Il sentimento finale è quello del successo raggiunto grazie alla buona volontà di tutti: tutti i gruppi associativi insieme, infatti, hanno lavorato per far riuscire l’iniziativa unitaria - la prima sotto la guida del neo presidente Parodi – e dare un segnale di solidità agli interlocutori istituzionali in vista del 5 marzo.
«Il punto è cosa si andrà a dire in quell’occasione», ragiona infatti una toga progressista. Parodi, infatti, appartiene alle toghe più moderate anche nei confronti del governo e le sue prime uscite pubbliche molto diplomatiche nei confronti dell’esecutivo hanno fatto alzare più di un sopracciglio tra i duri e puri. Tuttavia, ora l’imperativo è abbassare i toni. «È presidente da poco, deve solo crescere. Anche Santalucia (l’ex presidente in quota Area ndr) all’inizio non piaceva a tutti, poi è stato capace di unirci», spiega un altro magistrato d’area.

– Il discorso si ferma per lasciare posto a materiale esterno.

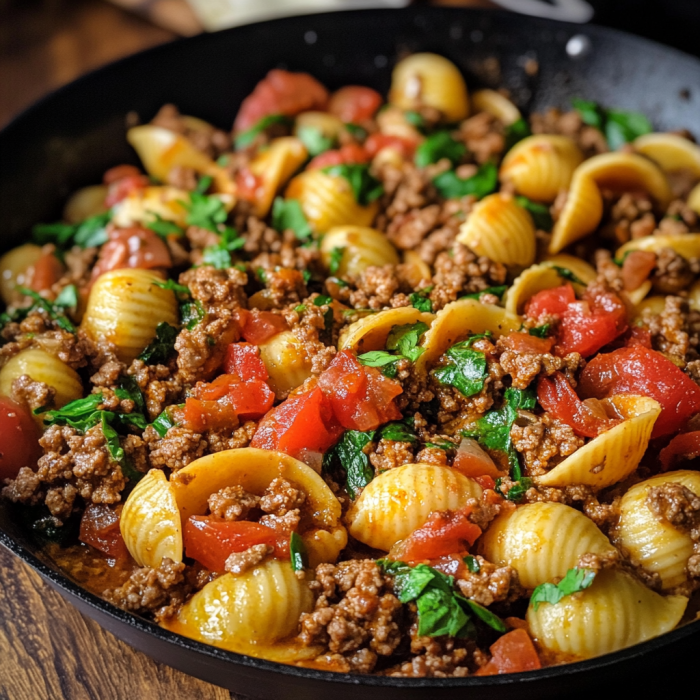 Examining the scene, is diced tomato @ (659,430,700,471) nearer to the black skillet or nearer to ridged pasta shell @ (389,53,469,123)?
the black skillet

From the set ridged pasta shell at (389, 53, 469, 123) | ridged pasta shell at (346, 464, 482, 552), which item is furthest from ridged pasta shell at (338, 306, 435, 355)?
ridged pasta shell at (389, 53, 469, 123)

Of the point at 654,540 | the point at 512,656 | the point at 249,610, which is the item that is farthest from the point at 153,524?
the point at 654,540

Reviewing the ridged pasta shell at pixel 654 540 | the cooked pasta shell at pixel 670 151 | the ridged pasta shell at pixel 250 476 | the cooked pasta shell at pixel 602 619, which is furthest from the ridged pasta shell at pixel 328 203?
the cooked pasta shell at pixel 602 619

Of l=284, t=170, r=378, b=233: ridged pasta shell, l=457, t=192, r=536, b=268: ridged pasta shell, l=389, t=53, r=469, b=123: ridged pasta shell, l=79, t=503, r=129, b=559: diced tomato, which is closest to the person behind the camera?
l=79, t=503, r=129, b=559: diced tomato

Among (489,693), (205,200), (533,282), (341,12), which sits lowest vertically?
(489,693)

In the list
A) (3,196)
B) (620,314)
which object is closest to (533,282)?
(620,314)

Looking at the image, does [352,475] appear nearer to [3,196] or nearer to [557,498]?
[557,498] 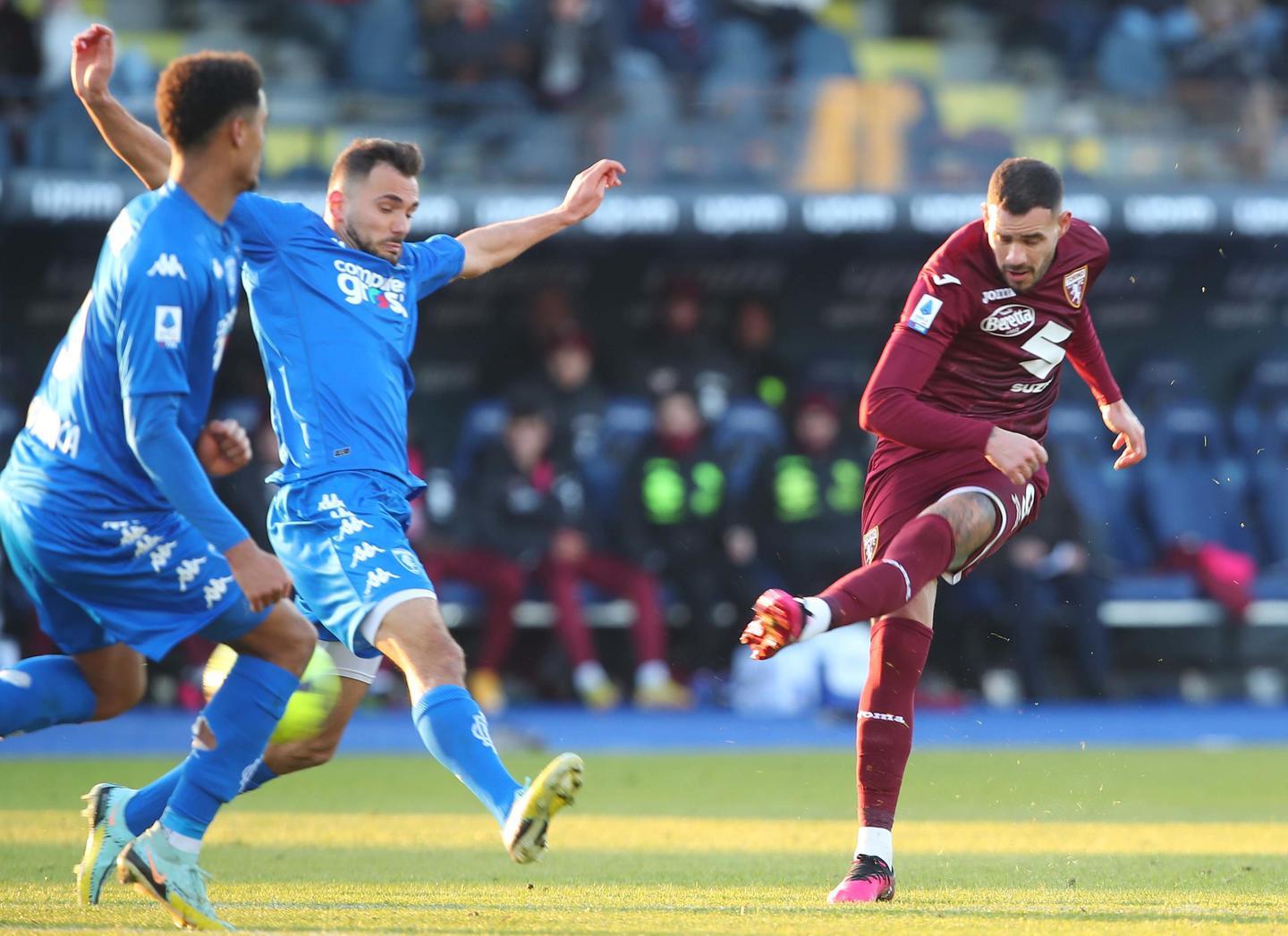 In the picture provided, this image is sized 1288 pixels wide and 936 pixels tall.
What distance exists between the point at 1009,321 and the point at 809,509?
7.71m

Non c’è solo l’incontro con il governo ad agitare le toghe, però. Lo sciopero «dovrebbe essere il primo passo per parlare alla cittadinanza», spiega un magistrato conservatore, «il timore è che questo non passi ma rimanga un dibattito da addetti ai lavori». Tradotto: la riforma è ormai incardinata e la mobilitazione servirà in vista del referendum costituzionale, dove i cittadini andranno mobilitati in favore della magistratura. Esercizio tutt’altro che facile.
Il governo
Intanto, il governo è rimasto a guardare. In contemporanea con lo sciopero, la premier ha tenuto un vertice con il sottosegretario Alfredo Mantovano, i vicepremier Antonio Tajani e Matteo Salvini, il guardasigilli Nordio, il leader di Noi moderati Maurizio Lupi, il presidente della commissione Affari costituzionali della Camera Nazario Pagano e delle commissioni giustizia di Camera e Senato, Ciro Maschio e Giulia Bongiorno. Al centro, proprio la riforma costituzionale della giustizia. Da palazzo Chigi è trapelato un messaggio dai toni decisamente diversi rispetto alle ultime settimane, ma in linea con il prudente ammorbidimento dopo la nomina di Parodi alla guida dell’Anm.

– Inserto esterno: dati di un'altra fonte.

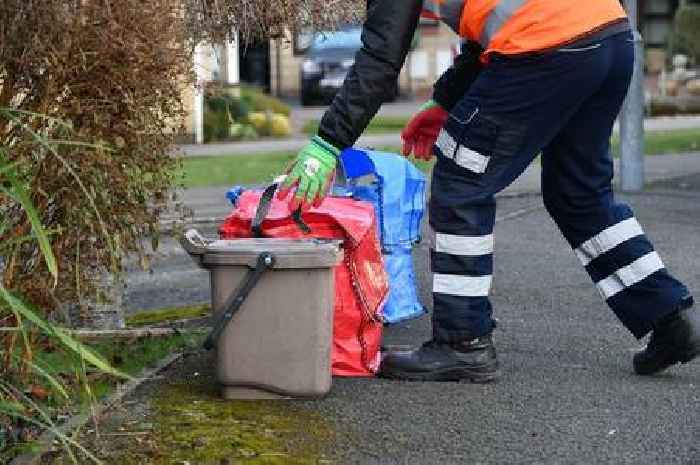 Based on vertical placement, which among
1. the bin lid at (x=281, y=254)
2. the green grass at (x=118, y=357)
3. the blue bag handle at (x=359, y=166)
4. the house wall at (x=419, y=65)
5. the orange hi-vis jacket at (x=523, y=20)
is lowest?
the house wall at (x=419, y=65)

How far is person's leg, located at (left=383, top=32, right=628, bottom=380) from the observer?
532 cm

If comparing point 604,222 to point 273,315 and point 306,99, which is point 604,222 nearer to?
point 273,315

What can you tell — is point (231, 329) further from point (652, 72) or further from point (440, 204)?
point (652, 72)

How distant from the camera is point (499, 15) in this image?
528 cm

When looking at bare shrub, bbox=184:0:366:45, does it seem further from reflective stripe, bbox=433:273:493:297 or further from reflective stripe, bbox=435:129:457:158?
reflective stripe, bbox=433:273:493:297

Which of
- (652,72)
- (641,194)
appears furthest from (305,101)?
(641,194)

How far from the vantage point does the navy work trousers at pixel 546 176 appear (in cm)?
533

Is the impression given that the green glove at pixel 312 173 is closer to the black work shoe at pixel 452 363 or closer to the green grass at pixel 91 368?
the black work shoe at pixel 452 363

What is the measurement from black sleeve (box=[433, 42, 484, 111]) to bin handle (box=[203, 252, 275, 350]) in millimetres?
1140

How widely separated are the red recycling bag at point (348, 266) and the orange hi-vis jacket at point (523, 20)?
742 mm

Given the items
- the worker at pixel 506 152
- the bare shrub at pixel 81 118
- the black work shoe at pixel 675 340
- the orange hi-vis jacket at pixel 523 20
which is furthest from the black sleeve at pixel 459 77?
the bare shrub at pixel 81 118

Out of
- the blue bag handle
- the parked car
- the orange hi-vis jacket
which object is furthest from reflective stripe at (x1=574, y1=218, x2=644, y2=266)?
the parked car

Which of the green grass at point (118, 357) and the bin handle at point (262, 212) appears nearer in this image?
the green grass at point (118, 357)

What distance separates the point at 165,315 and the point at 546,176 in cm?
231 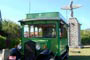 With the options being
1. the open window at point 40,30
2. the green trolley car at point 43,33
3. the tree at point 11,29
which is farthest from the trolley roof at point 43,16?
the tree at point 11,29

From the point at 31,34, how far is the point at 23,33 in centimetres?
44

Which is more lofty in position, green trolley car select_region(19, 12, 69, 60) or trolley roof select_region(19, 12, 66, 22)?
trolley roof select_region(19, 12, 66, 22)

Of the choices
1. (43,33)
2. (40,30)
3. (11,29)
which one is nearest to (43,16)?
(40,30)

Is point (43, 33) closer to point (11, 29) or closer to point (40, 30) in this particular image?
point (40, 30)

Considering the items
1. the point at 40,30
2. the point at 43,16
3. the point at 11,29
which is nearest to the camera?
the point at 43,16

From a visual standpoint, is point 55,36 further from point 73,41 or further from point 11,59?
point 73,41

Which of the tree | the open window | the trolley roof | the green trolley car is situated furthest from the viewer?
the tree

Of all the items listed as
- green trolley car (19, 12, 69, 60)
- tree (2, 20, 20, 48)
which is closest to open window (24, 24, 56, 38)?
green trolley car (19, 12, 69, 60)

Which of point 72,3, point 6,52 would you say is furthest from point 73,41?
point 6,52

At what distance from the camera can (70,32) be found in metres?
26.5

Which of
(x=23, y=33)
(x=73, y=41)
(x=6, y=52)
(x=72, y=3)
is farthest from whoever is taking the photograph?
(x=72, y=3)

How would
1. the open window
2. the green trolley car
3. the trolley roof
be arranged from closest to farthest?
the green trolley car, the trolley roof, the open window

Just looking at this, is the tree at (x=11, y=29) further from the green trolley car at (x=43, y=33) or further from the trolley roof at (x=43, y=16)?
the trolley roof at (x=43, y=16)

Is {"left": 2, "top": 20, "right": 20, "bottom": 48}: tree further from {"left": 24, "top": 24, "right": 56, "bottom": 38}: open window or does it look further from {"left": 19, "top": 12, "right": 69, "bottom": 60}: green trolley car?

«Disponibilità a un confronto costruttivo» con l’Anm, perché la riforma «non è concepita contro i magistrati, ma nell'interesse dei cittadini». L’interrogativo, però, è su che cosa ci si possa confrontare, visto che la riforma è già stata approvata in prima lettura e corre veloce, forte del fatto di essere l’unica condivisa dentro la maggioranza. «Il testo è blindato», confermano fonti di governo, tuttavia «si più discutere su come scrivere le leggi ordinarie che le daranno attuazione». In altre parole, nulla da fare sulla separazione delle carriere ma ci saranno aperture per “temperare” il sorteggio nei due Csm sia per i laici che per i togati, con attenzione anche per le quote rosa.

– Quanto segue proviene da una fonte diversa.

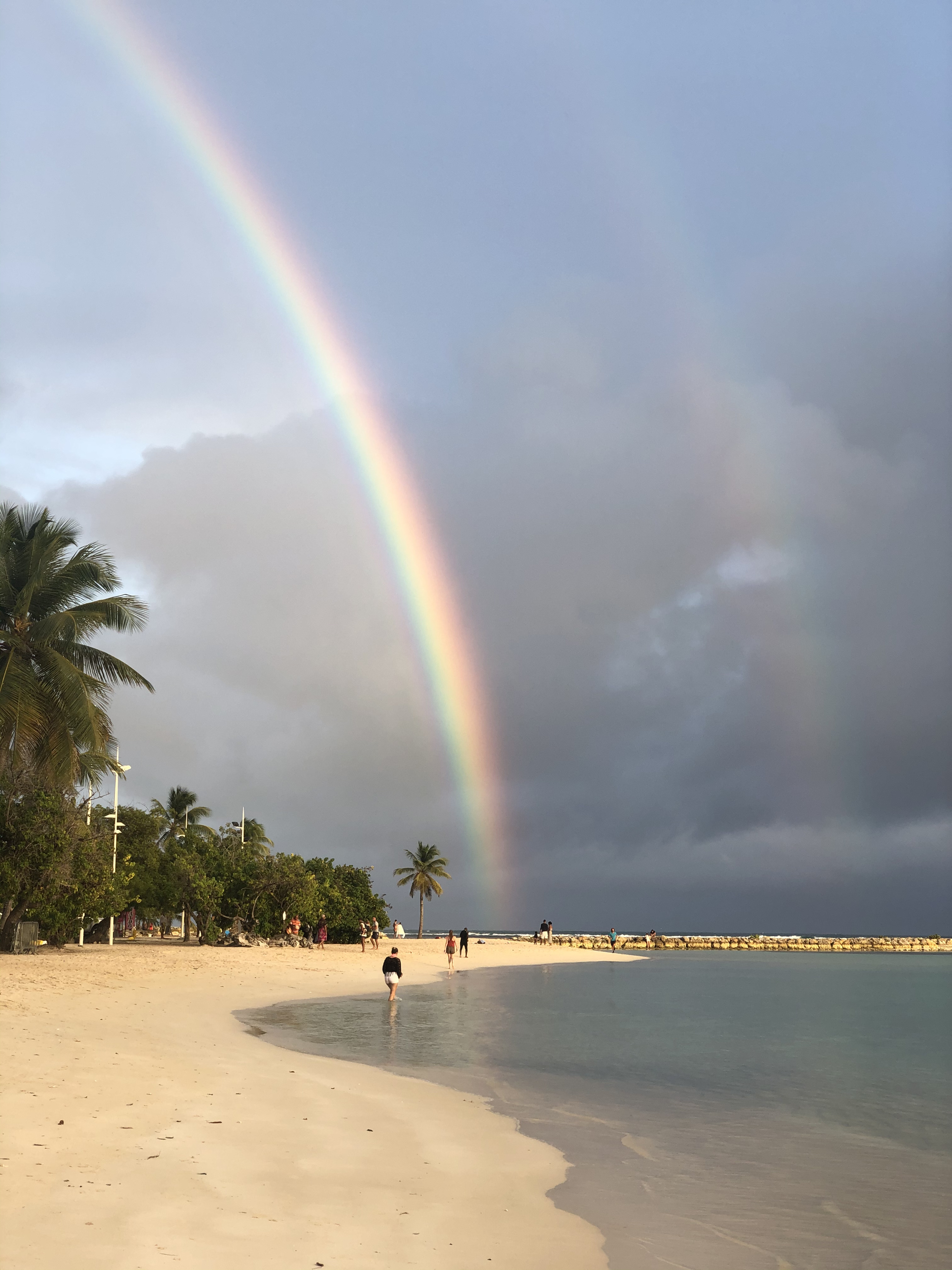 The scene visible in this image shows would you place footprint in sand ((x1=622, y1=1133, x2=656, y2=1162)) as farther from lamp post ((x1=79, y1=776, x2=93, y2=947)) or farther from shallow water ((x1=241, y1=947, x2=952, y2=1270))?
lamp post ((x1=79, y1=776, x2=93, y2=947))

Intanto, la linea è quella di tenere a zero le polemiche in vista dell’incontro calendarizzato, che viene considerato uno snodo strategico. Il ministro Nordio è pronto a partire per un viaggio istituzionale in Sud America che lo terrà lontano dalle questioni italiane fino a quel momento e anche Meloni non intende cadere in nuovi scontri. «Non è il momento di alzare altri muri», si ripete nel centrodestra, nonostante il malcelato fastidio per lo sciopero. Tanto il cuore della riforma è blindato.